Question

In melt spinning of a monofilament, a polymer is extruded at a volumetric flow rate of \( 5 \times 10^{-5}\ \text{m}^3/\text{s} \) through a circular spinneret. The take-up velocity is \( 100\ \text{m/s} \) with a draw ratio of \( 50 \).
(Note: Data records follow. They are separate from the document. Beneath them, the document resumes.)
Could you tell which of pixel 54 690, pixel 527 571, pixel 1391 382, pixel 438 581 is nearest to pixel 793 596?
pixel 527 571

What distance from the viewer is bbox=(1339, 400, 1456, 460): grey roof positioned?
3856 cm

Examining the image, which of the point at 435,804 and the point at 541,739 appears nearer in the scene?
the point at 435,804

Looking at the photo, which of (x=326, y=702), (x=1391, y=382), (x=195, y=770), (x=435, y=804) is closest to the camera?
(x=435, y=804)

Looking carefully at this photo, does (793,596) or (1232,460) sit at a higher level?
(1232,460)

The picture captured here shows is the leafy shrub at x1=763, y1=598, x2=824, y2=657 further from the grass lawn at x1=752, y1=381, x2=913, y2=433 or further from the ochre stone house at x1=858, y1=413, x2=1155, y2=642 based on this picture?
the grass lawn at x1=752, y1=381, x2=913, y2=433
The diameter (mm) of the spinneret orifice (rounded off to 2 decimal places) is .................

Hint:

In melt spinning, $\text{DR}=V_{\text{take-up}}/V_0$. Get $V_0$ first, then $A_0=Q/V_0$, and finally $d=\sqrt{4A_0/\pi}$.

Answer 1

Draw ratio $\text{DR}=\dfrac{V_{\text{take-up}}}{V_0}⇒ V_0=\dfrac{100}{50}=2\ \text{m/s}$ (jet exit velocity).
Volumetric flow rate $Q=A_0V_0⇒ A_0=\dfrac{Q}{V_0}=\dfrac{5\times10^{-5}}{2}=2.5\times10^{-5}\ \text{m}^2$.
For a circular orifice, $A_0=\dfrac{\pi d^2}{4}⇒ d=\sqrt{\dfrac{4A_0}{\pi}}=\sqrt{\dfrac{4(2.5\times10^{-5})}{\pi}}=5.643\times10^{-3}\ \text{m}$.
Convert to mm: $d=5.643\ \text{mm}⇒ \boxed{5.64\ \text{mm}}$.